First of all, it took far too long for me to find that. Took about 3 passes, then I lost it and had to find it again. it is buried. Why? Because it is not much to crow about.
Most software companies split their revenue streams in their financial statements by the type of revenue it is:
- license fees
- services
- maintenance fees
This says alot about the nature of their business. The fact that uWink has not done that makes a statement about their so-called evolution from a restaurant to a software company. They are not very far along.
Even if I misspoke, this is an abysmal report. They have clearly run out of time to be successful. Prospective customers will know this and take advantage of this.
This stock is still headed lower this week as a result of this. They needed to make major cost cuts and changes after the last Q and they did not.
I said at the outset that I would state the positive and I tried in this post. You guys continue to attack me, yet my objective is to be objective here...er ...
this was my initial post on this topic:
http://investorshub.advfn.com/boards/read_msg.aspx?message_id=33588513
I think it is a pretty fair evaluation of where uWink is at. I did say in it however, the following:
The Chilis installation is a pilot, with no license agreement or contract in place. Probably uWink is getting some revenue from it on a transaction basis.
So I admitted from the outset that they are likely getting some revenue from it. I was correct, just reflecting overall sentiment without digging into every little nook and cranny to find out every detail of what should have been spelled out clearly at the get-go.
uWInk will go to a lower level as a result of this less than stellar performance, perhaps sub-.10. Every month that goes by from now on is another month in the hole for them. Every Quarter is another 1.3-1,5M down. They have to be extremely successful in the next few quarters to recover (afford their corporate expenditures). How on earth are they going to do that?
I did not say that what Netman was saying was not fact. All uWink is saying is that there are lots of possibilities. Every software company has lots of possibilities. Every financial report talks of those possibilities in glowing terms. But, to take it literally because you really like the product or something is foolish. Software companies are not like others that have ongoing cash flows.... they will either succeed or fail miserably. uWink has not much going on in terms of sales. There are no revenue numbers in the statements for sales of software. They have sales of zero at this point, after a year of having that crew on board. What are the chances of success going forward? The steps they mention are the very first steps in a sales process.
Case in point: where are the revenues from this so-called "deal" with Chilis? Where are the terms./contract values/ license whatever you want to call it? The fact that there was a contract in place was an assumption by us, and by Chris Hernandez. There is no contract in place.

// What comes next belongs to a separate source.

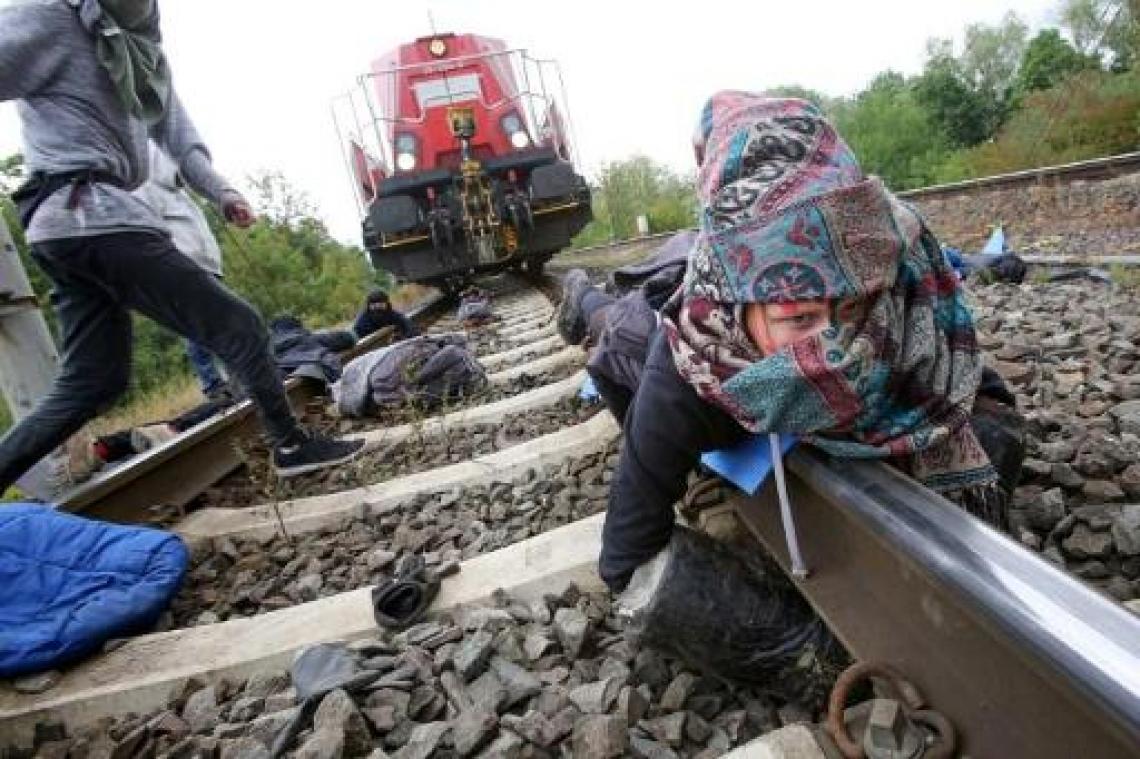 Duitse politie beëindigt klimaatprotest waarbij trein met VW-auto's gestopt werd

Actually, I just looked more closely at the statements. The picture is worse than I thought. Part of the SG&A is "Restaurant Operating Expenses", Therefore the restaurants are not as profitable as I was led to believe.
you are the only investor I know that reads financial statements and decides to take them in the most positive light possible. If all of these ambiguous statements were to be taken seriously verbatim.. an investor would have to buy almost every tech stock there is.. and would be bankrupt very quickly..
good luck with it.
Actually I am mistaken, they are not listing their restaurants as Current Assets. I thought they were. No matter. They are still screwed. I just thought maybe they were trying to cover it up.. window dressing.
ST assets = 1.5M
ST liabilities = 1.3M.
=== screwed.
they still have to sell the restaurants to support their corporate expenses going forward.

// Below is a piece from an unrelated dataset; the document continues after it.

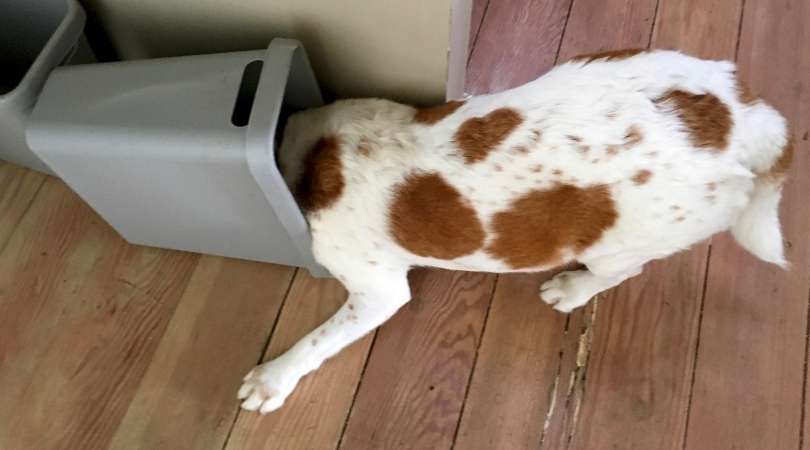 Best Dog Proof Trash Cans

of course netman. Exactly what i was saying. You provide the research and data that I can't be bothered to dig up for myself.. because I know it is there. "Commission-based" is exactly what i am talking about. No one has to spend anything until a sale is made, and they split up the pie.. an indirect unfocused poorly trained (yet generally knowledgeable) sales force..
thanks for providing that much needed research.!!!
wait, I got it. I know why they can treat their restaurants as Current Assets... BECAUSE THEY ARE A SOFTWARE COMPANY. they don't matter, not their core business. .. lol. improves the ratios.. and maybe for tax reasons..
well, let's see here... stock had kind of a bad day.. a new low... happened at the very end of the day.. just prior to... ...... THE EARNINGS RELEASE! my god.. maybe they are related.. ? can it be true.. ?
geez.. last time this happened it dove like an eagle after a rabbit.. wonder what will happen next week.
wazzup?
to help you with your decision to sell. if you sell now... you can avoid the biggest losses. The move from .17 to .10 is about... 40%. That is the same as from 3.50 to.. maybe 2.50.. all in the space of 1 day.. as opposed to 6 mo. and it is not goin' the other way.
what you do on Monday is up to you there bud.
hahahaha these kind of statements are always way too late.. way too little.. these measures are meaningless...
sga = 2.3M... ok, well 30-day credit terms will help with that.. rack it up... how does the fact that they operate on a cash basis affect the SGA?
reduce the rent? .. like there are no other restaurants that want that space on Castro st... the landlord will just reduce the rent for them.. what a lame statement for a financial report..
BY SELLING OUR RESTAURANTS.
Yes Net for once you are correct/. If they sell their restaurants... they can make the statement that they have enough cash for a year. Actually, 3 qtrs., because they must sell a restaurant per qtr to stay afloat...
lol... FLMAO...
Property & Equipment = Current Asset.. what a joke!
If current means liquid within a year... they are saying that they regard the restaurants, the only thing that makes them any money.. as things they will sell in order to pay their bills and salaries..
LMAO.
I know. I can read that. i thought it was a product that could be ordered by telephone or something that would have a fixed unit price. As opposed to being a separately priced deal incorporating software, hardware, and services.. whew..
still really don't know what the hell it is.
can't wait to get Mr Hernandez's take on this report.. lol.
OK, I am going to state the positives first, lest anybody accuse me of being negative.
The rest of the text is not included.